If the answer is increasingly “no,” then another question naturally follows: where should it go?

One possible answer is Toronto.

At first glance, the idea may seem radical. The United Nations has been headquartered in New York City since 1952. The East River complex is iconic. Entire diplomatic ecosystems have grown around it. Yet history shows that international institutions are not immovable. Capitals change. Empires rise and decline. Political climates evolve. Institutions relocate when the symbolic and practical realities around them change.

Toronto offers a compelling alternative.

Unlike many global cities that project power through dominance or financial might, Toronto projects stability through coexistence. More than half of its residents were born outside Canada. Over 200 languages are spoken there. Entire neighborhoods function as living demonstrations of multiculturalism not merely as policy, but as daily reality. People from India, China, Jamaica, Iran, Italy, Somalia, Ukraine, Korea, and hundreds of other backgrounds coexist in relative harmony within a shared civic culture.

In an era of rising ethnic nationalism across much of the world, Toronto has become one of the clearest examples of a genuinely cosmopolitan city.

That matters symbolically.

The United Nations was founded on the idea that nations with radically different cultures, religions, and interests could cooperate rather than destroy one another. Increasingly, Toronto resembles that aspiration more closely than many national capitals do.

Canada itself also carries advantages as a host nation. It has long cultivated a reputation — deserved or not — as a middle power inclined toward diplomacy, peacekeeping, compromise, and international law. Unlike the United States, China, or Russia, Canada is not widely viewed as seeking geopolitical domination. A UN headquarters in Toronto could therefore appear less politically tied to a single global hegemon.

There are practical arguments too.

Toronto is already one of North America’s major transportation hubs, with direct international access to Europe, Asia, the Middle East, Africa, and the Americas. It is comparatively safe, politically stable, and technologically advanced. Canada’s immigration system is generally more accommodating to foreign diplomats, refugees, academics, and international workers than the increasingly restrictive climate emerging in the United States.

That issue is becoming more significant. The UN depends on the ability of delegates, activists, journalists, and representatives from virtually every nation on Earth to enter the host country without fear of arbitrary exclusion or political hostility. When visa denials, travel bans, or ideological tensions begin interfering with participation, the legitimacy of the institution itself can erode.
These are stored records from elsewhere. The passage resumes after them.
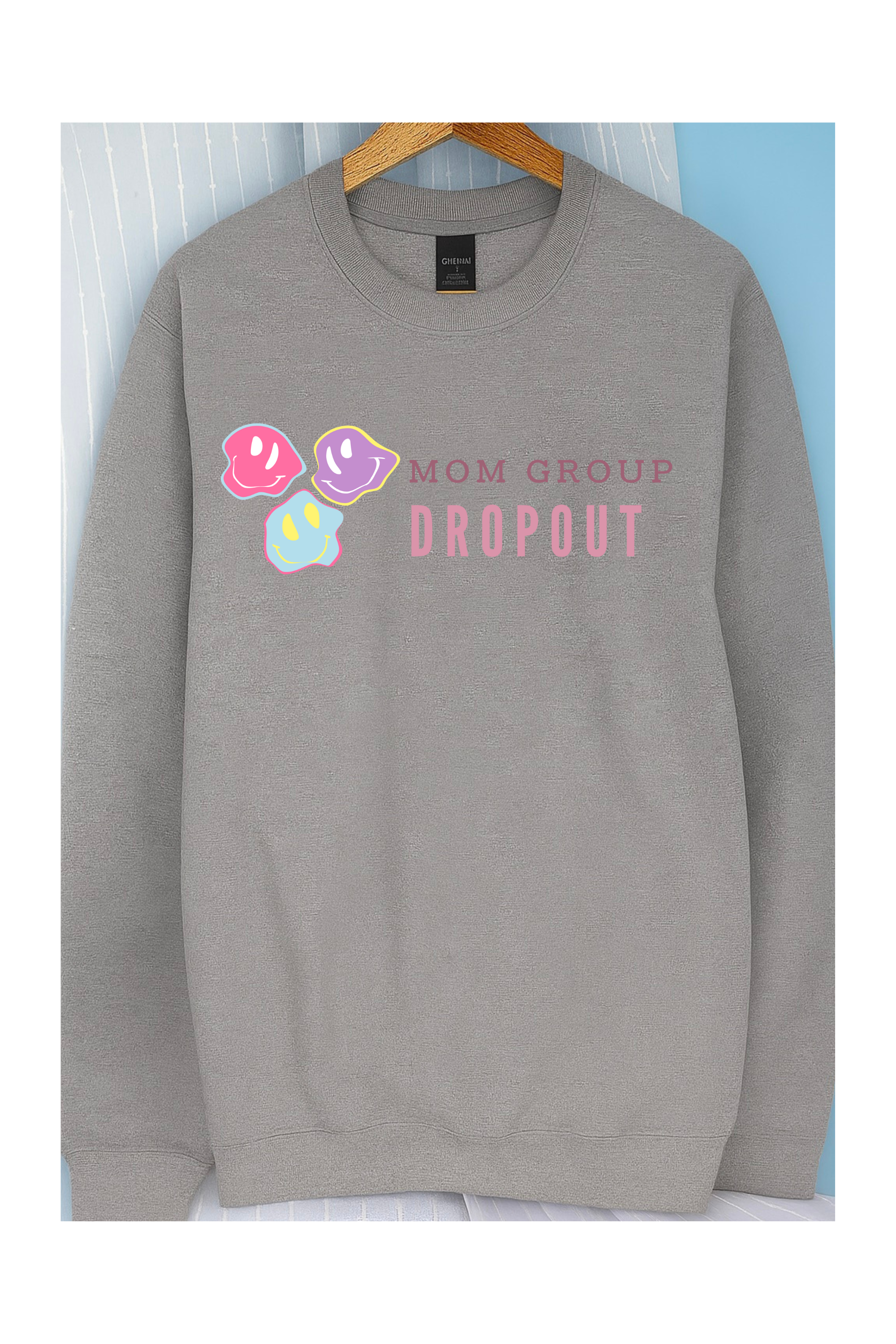 Mom Group Dropout Crewneck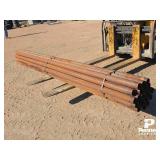 (19) Diamond Drilling Rods / Livestock Fence Pipe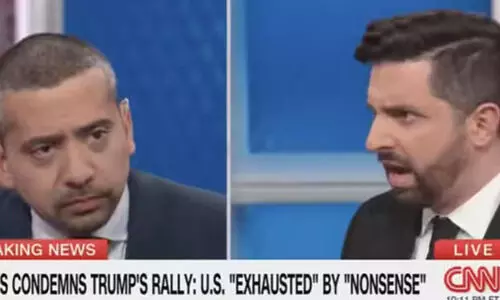 മെഹ്ദി ഹസനെതിരെ മോശം പ്രയോഗം; തീവ്ര വലതുപക്ഷ പാനലിസ്റ്റിനെ ചർച്ചയിൽനിന്ന് വിലക്കി സി.എൻ.എൻ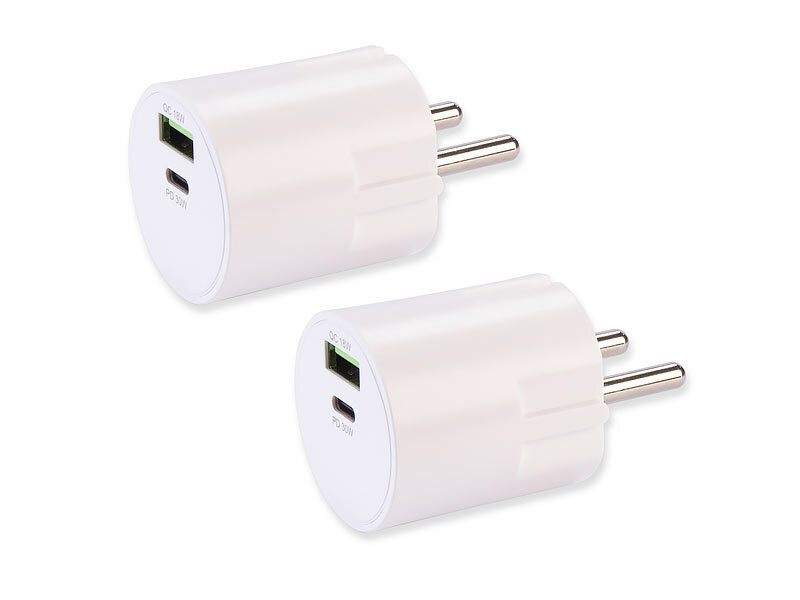 ; Powerbanks mit Quick Charge 3.0 & USB Typ C, USB-Netzteile für Steckdose Powerbanks mit Quick Charge 3.0 & USB Typ C, USB-Netzteile für Steckdose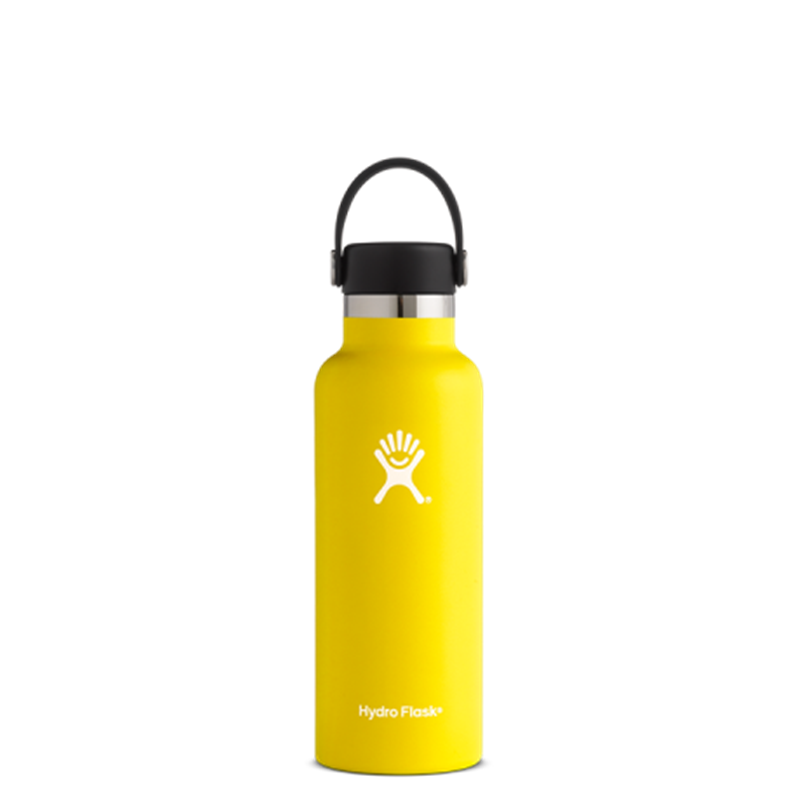 HYDRO FLASK 18oz STANDARD MOUTH LEMON 保温瓶 (532ml)JPY带授权招加盟代理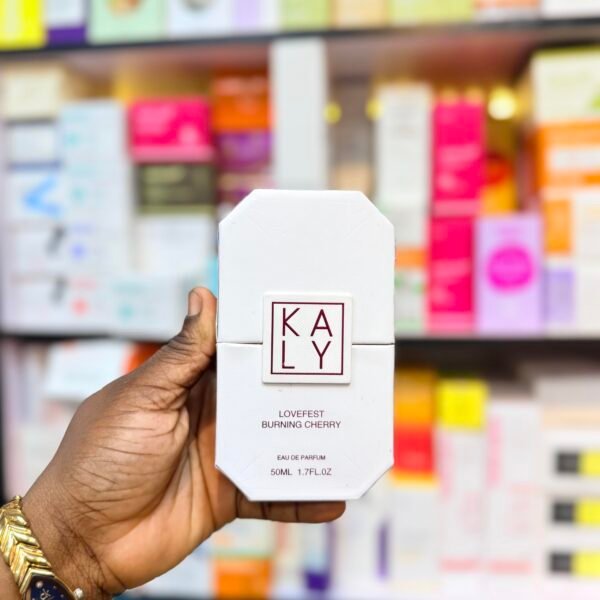 Kaly Lovefest Burning Cherry perfume 50ml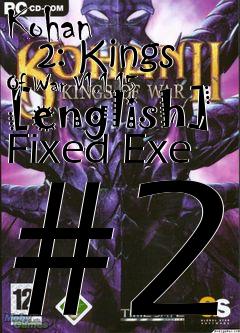 Box art for Kohan
      2: Kings Of War V1.1.15 [english] Fixed Exe #2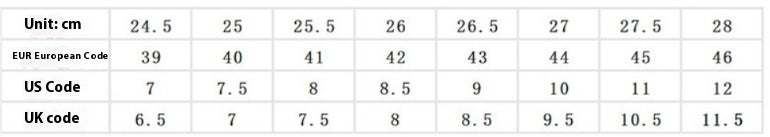 Slip-on Flats Shoes Men Sneakers Daily Leisure Sports Work Casual Shoes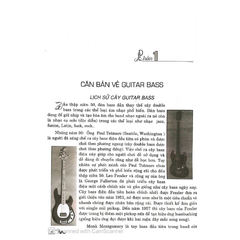 Tự Học Và Thực Hành Guitar Bass (Tái Bản) - Vanlangbooks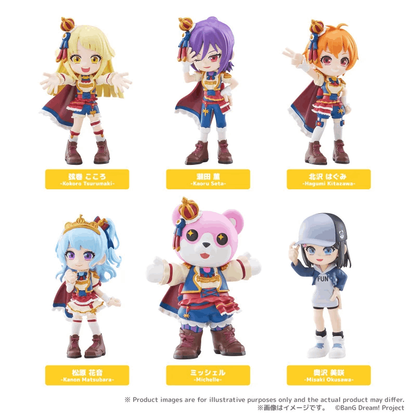 Bushiroad Creative PalVerse BanG Dream! Hello, Happy World! Figure 6Pack BOX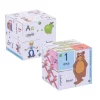 ZooBooKoo Pre-School Cube Book Pack - Alphabet and Numbers Cubes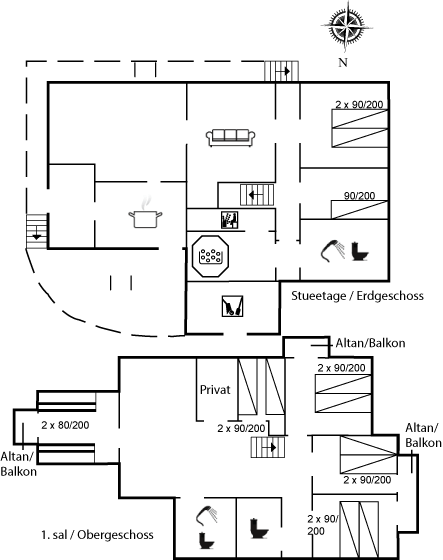 Vorschaubild von Ferienhaus JL16 in Tornby - Nordjütland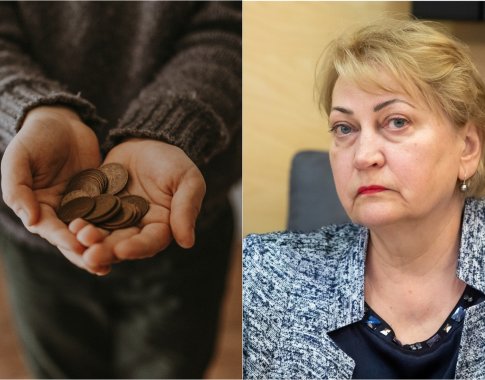 R. Budbergytė apie šokiruojančias gyventojų skolas: Vyriausybė kuo skubiau turėtų reaguoti į šią socialinę tragediją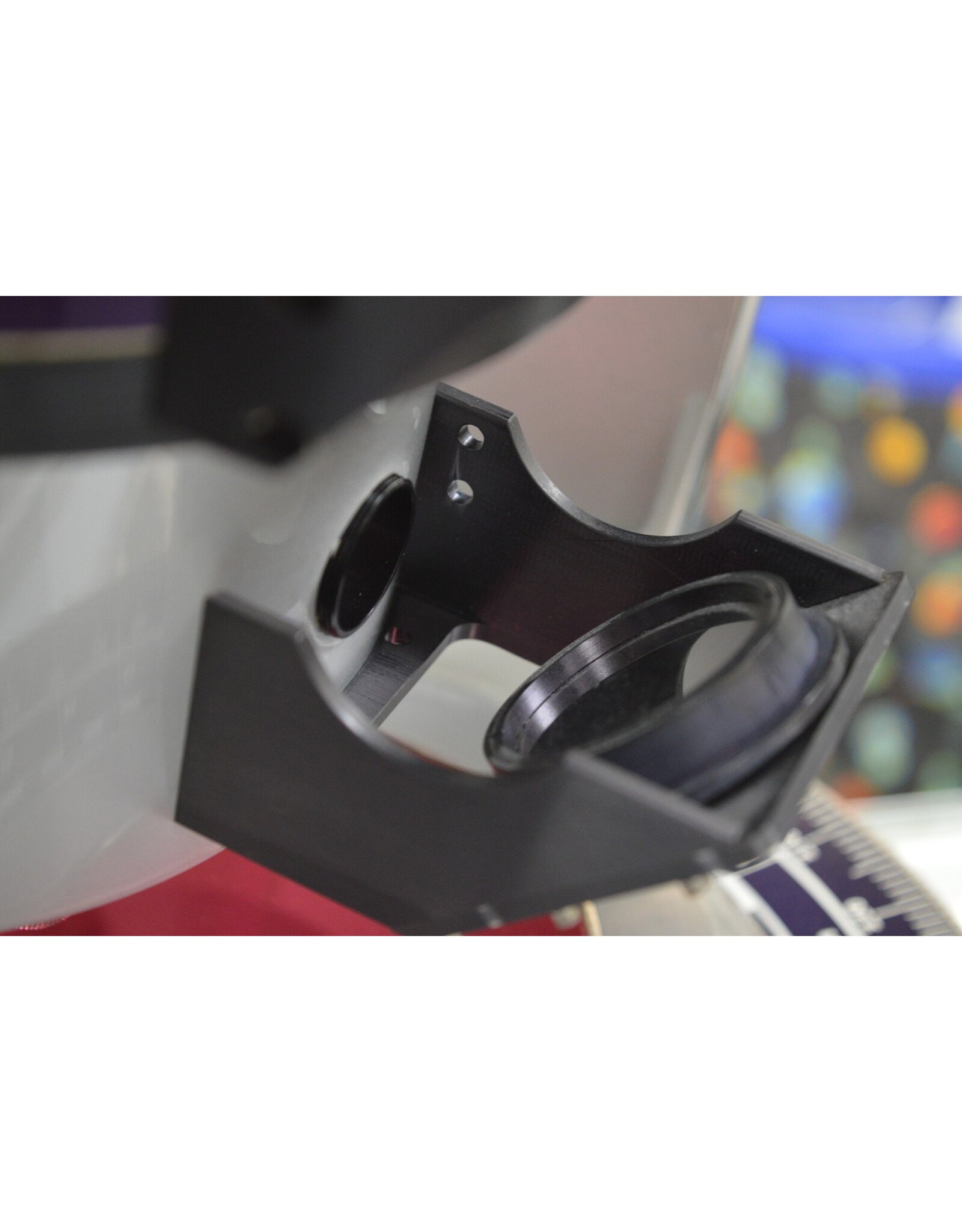 Questar Questar 7 Duplex Model Fully Mounted with Fork Arm Mount with  40-80x Zoom Eyepiece and Original Cases (Pre-owned)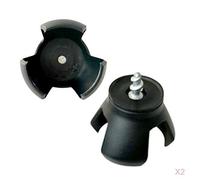 SheerFaring 2X 2 Piezas Recolector de Pelotas de Golf Accesorio de Succionador para Mango de Putter Dispositivo Ergonómico en Adecuado para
Critics would rightly point out that moving the UN would be enormously expensive and diplomatically disruptive. New York possesses infrastructure, diplomatic housing, security systems, and decades of institutional memory. There is also no guarantee that Canada — or any nation — would remain permanently immune from the same populist pressures now reshaping the United States.

And yet the discussion itself may already be meaningful.

The mere possibility of relocation reflects a profound shift in how the world views America’s role. For decades, placing the UN in the United States symbolized confidence in American leadership of an open international system. If that confidence weakens, the symbolism of the headquarters location changes as well.

Toronto would not solve the world’s divisions. No city could. But as nations search for models of coexistence in an increasingly fractured century, it may represent something the world is struggling to preserve: the belief that people from everywhere can still build a functioning society together.

That alone may make it worthy of consideration.